Il commença à marcher, le froid de la nuit mordant ses joues. Dans sa poche, la carte mémoire pesait comme un caillou. Une preuve, certes, mais une preuve qui ne servirait à rien s’il se faisait prendre avant de rejoindre Marc.
Il s’arrêta une seconde, se retourna. Dans le lointain, une lueur orangée perçait la ligne d’arbres – le feu qu’il avait allumé, qui commençait à lécher les murs du bunker. Il espéra que cela suffirait, que les traces numériques seraient emportées dans les flammes.

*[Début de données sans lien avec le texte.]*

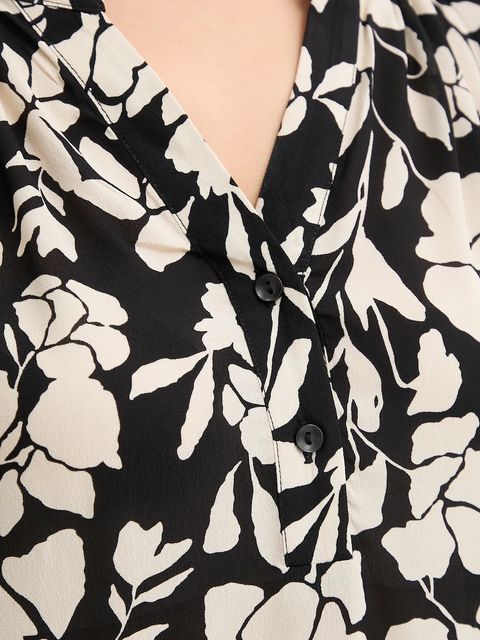 United Colors of Benetton bluzka damska kolor beżowy wzorzysta 50IGDQ0CN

Puis il reprit sa marche, les cailloux roulant sous ses pieds, l’esprit déjà à Vogelgrun, au bruit de l’eau qui tombait de la retenue, à l’odeur de vase et de poisson mort. Il priait pour que son frère soit encore là, que le piège n’ait pas déjà refermé ses mâchoires.
Il avançait dans la nuit, seul, avec pour seule compagnie une carte mémoire volée et un nom gravé dans sa mémoire : Vogelgrun.